[Start of Attachment]
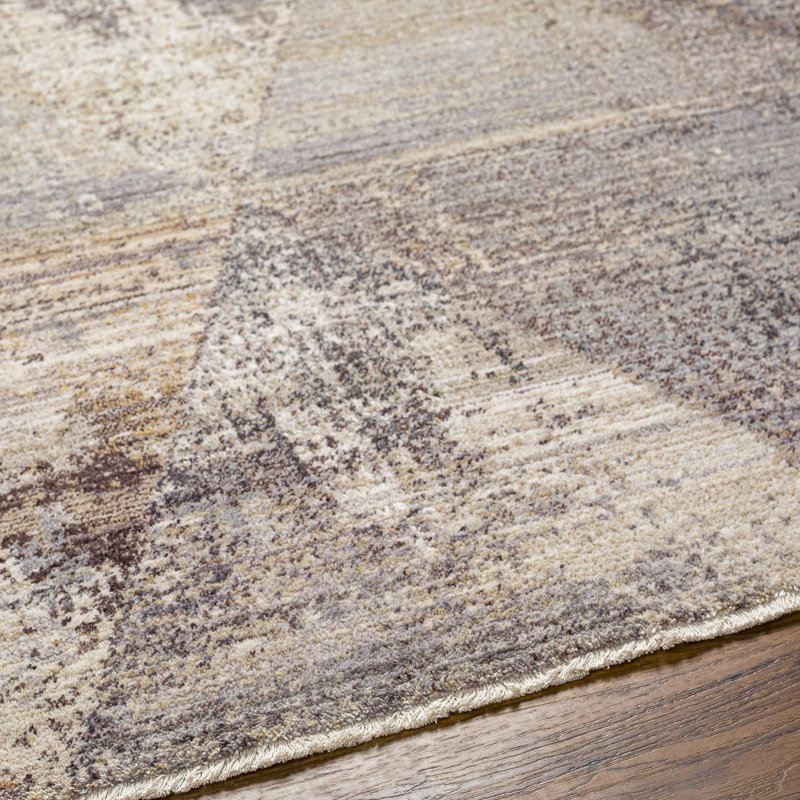 Anibella Abstract Indoor Rug, Rectangle 8'10" x 13'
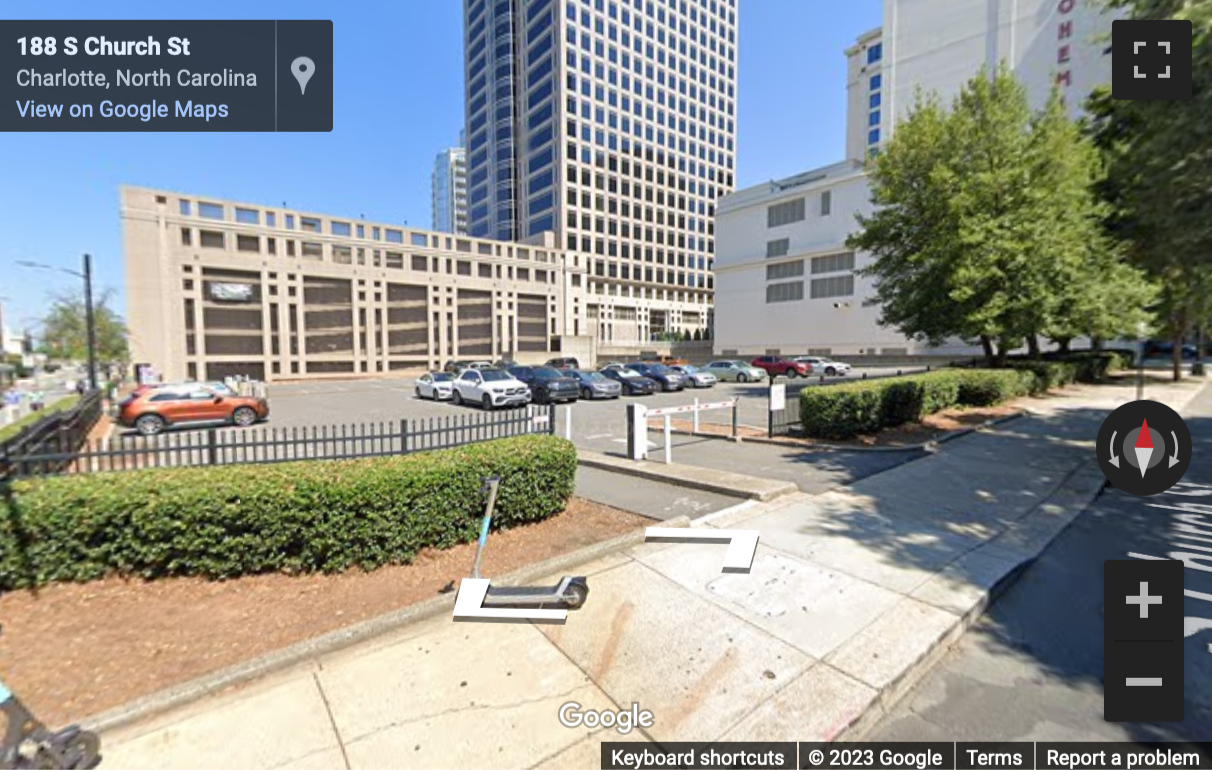 Street View image of 227 W. 4th Street, Charlotte, North Carolina, USA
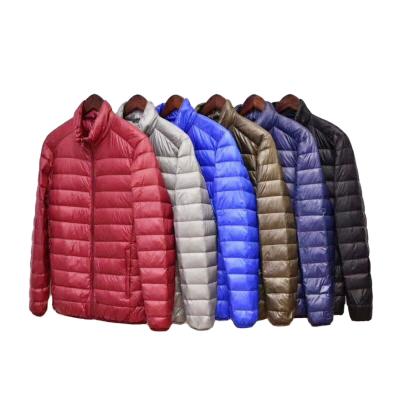 China The new light weight breathable men's down jacket winter stand-collar jacket plus size men's down stripper jacket for sale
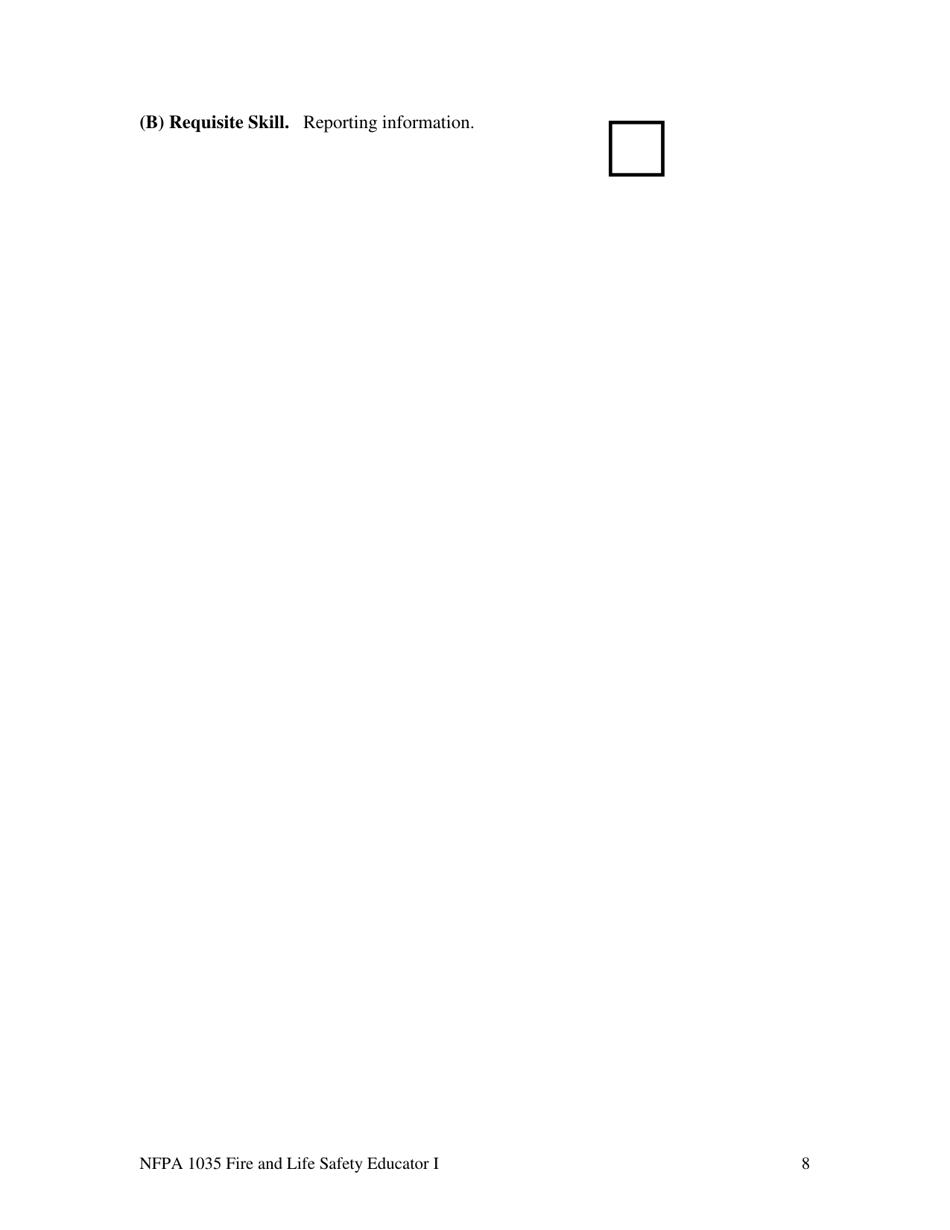 NFPA Fire and Life Safety Educator I Task Book - Oregon, Page 8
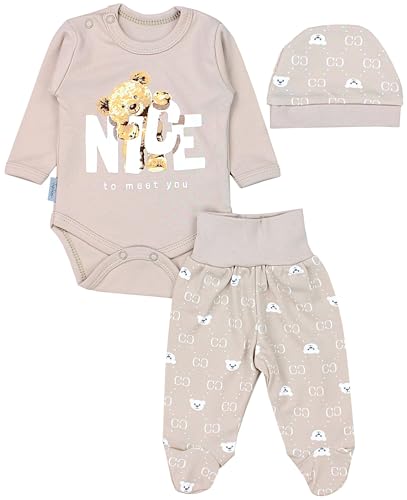 TupTam Baby Mädchen Jungen Bekleidungsset Langarmbody Hose Mütze mit...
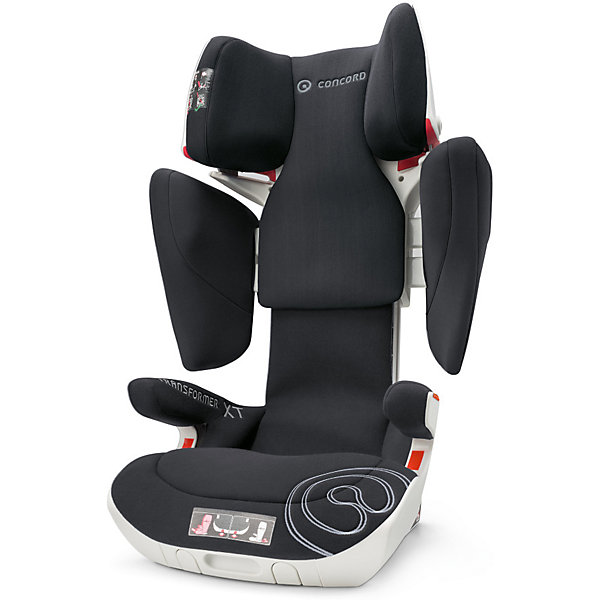 Автокресло Concord Transformer XT, 15-36 кг, Midnight Black Автокресло Concord Transformer XT, 15-36 кг, Midnight BlackГруппа 2-3 (от 15 до 36 кг)<br>Характеристики автокресла:<br><br>• группа 2-3;<br>• возраст ребенка: от 3 до 12 лет;<br>• вес ребенка: 15-36 кг;<br>• способ установки: по ходу движения автомобиля;<br>• 2 способа крепления: система TWINFIX или штатные ремни безопасности;<br>• компактный ударопрочный каркас;<br>• защита от боковых ударов;<br>• регулировка наклона спинки;<br>• регулировка подголовника;<br>• регулировка размера кресла;<br>• ортопедические свойства спинки и основания;<br>• встроенный пневмопривод;<br>• размер автокресла: 46х49х62 см;<br>• высота подголовника: 62-82 см;<br>• вес автокресла: 9,9 кг;<br>• вес в упаковке: 11 кг;<br>• материал: пластик, полиэстер;<br>• стандарт безопасности: ECE R44/04.<br><br>Автокресло Concord Transformer XT имеет прочный каркас, который надежно защищает ребенка во время поездки. Боковые подушки имеют дополнительный слой энергопоглощающей изоляции, которая понижает силу удара. Автокресло с ортопедической спинкой, которая способствует правильному формированию позвоночника. Наполнитель автокресла Трансформер ИксТи обладает эффектом памяти, который со временем принимает форму тела ребенка.<br><br>Установка автокресла: устанавливается по ходу движения с помощью системы isofix. Ребенок в автокресле фиксируется штатным ремнем автомобиля. При отсутствии крепления isofix можно установить автокресло при помощи штатных ремней безопасности. Направляющие с защелками для ремня в подголовнике исключают его самопроизвольное выпадение.<br><br>Автокресло Transformer XT, 15-36 кг, Concord, Midnight Black можно купить в нашем интернет-магазине.<br><br>Ширина мм: 450<br>Глубина мм: 450<br>Высота мм: 640<br>Вес г: 11000<br>Цвет: черный<br>Возраст от месяцев: 36<br>Возраст до месяцев: 144<br>Пол: Унисекс<br>Возраст: Детский<br>SKU: 5485173
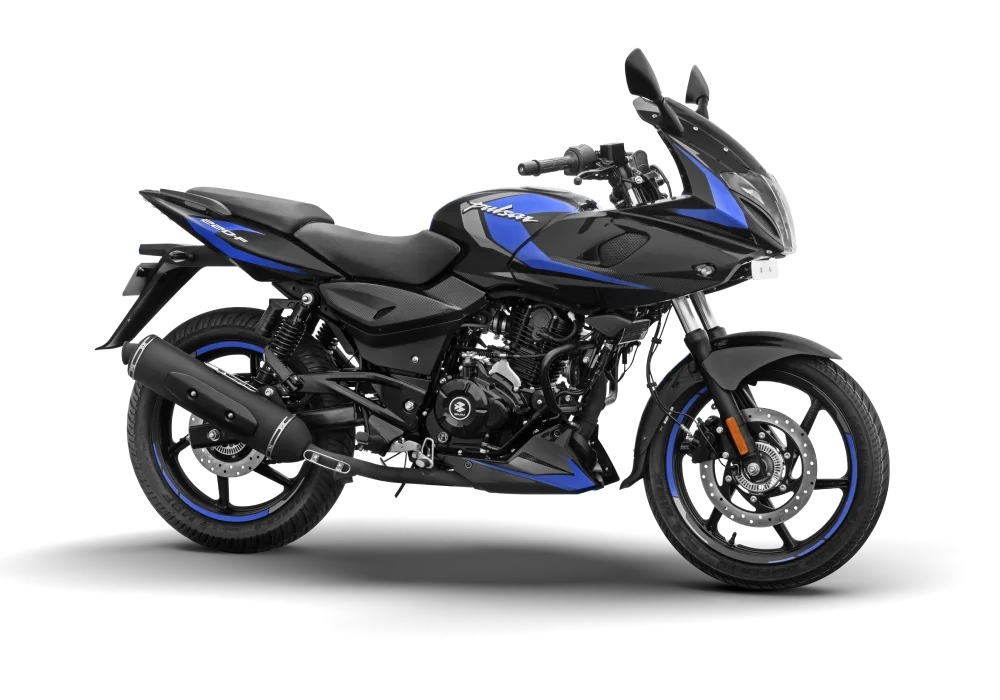 2026 Bajaj Pulsar 220F Blue Color Option Ink Blue Color New Pulsar 220F 2026 model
[End of Attachment]
#### Instructions for the task
Replicate the material above verbatim; images stay out of the copy.

#### Problem solution
 Anibella Abstract Indoor Rug, Rectangle 8'10" x 13'
 Street View image of 227 W. 4th Street, Charlotte, North Carolina, USA
 China The new light weight breathable men's down jacket winter stand-collar jacket plus size men's down stripper jacket for sale
 NFPA Fire and Life Safety Educator I Task Book - Oregon, Page 8
 TupTam Baby Mädchen Jungen Bekleidungsset Langarmbody Hose Mütze mit...
 Автокресло Concord Transformer XT, 15-36 кг, Midnight Black Автокресло Concord Transformer XT, 15-36 кг, Midnight BlackГруппа 2-3 (от 15 до 36 кг)<br>Характеристики автокресла:<br><br>• группа 2-3;<br>• возраст ребенка: от 3 до 12 лет;<br>• вес ребенка: 15-36 кг;<br>• способ установки: по ходу движения автомобиля;<br>• 2 способа крепления: система TWINFIX или штатные ремни безопасности;<br>• компактный ударопрочный каркас;<br>• защита от боковых ударов;<br>• регулировка наклона спинки;<br>• регулировка подголовника;<br>• регулировка размера кресла;<br>• ортопедические свойства спинки и основания;<br>• встроенный пневмопривод;<br>• размер автокресла: 46х49х62 см;<br>• высота подголовника: 62-82 см;<br>• вес автокресла: 9,9 кг;<br>• вес в упаковке: 11 кг;<br>• материал: пластик, полиэстер;<br>• стандарт безопасности: ECE R44/04.<br><br>Автокресло Concord Transformer XT имеет прочный каркас, который надежно защищает ребенка во время поездки. Боковые подушки имеют дополнительный слой энергопоглощающей изоляции, которая понижает силу удара. Автокресло с ортопедической спинкой, которая способствует правильному формированию позвоночника. Наполнитель автокресла Трансформер ИксТи обладает эффектом памяти, который со временем принимает форму тела ребенка.<br><br>Установка автокресла: устанавливается по ходу движения с помощью системы isofix. Ребенок в автокресле фиксируется штатным ремнем автомобиля. При отсутствии крепления isofix можно установить автокресло при помощи штатных ремней безопасности. Направляющие с защелками для ремня в подголовнике исключают его самопроизвольное выпадение.<br><br>Автокресло Transformer XT, 15-36 кг, Concord, Midnight Black можно купить в нашем интернет-магазине.<br><br>Ширина мм: 450<br>Глубина мм: 450<br>Высота мм: 640<br>Вес г: 11000<br>Цвет: черный<br>Возраст от месяцев: 36<br>Возраст до месяцев: 144<br>Пол: Унисекс<br>Возраст: Детский<br>SKU: 5485173
 2026 Bajaj Pulsar 220F Blue Color Option Ink Blue Color New Pulsar 220F 2026 model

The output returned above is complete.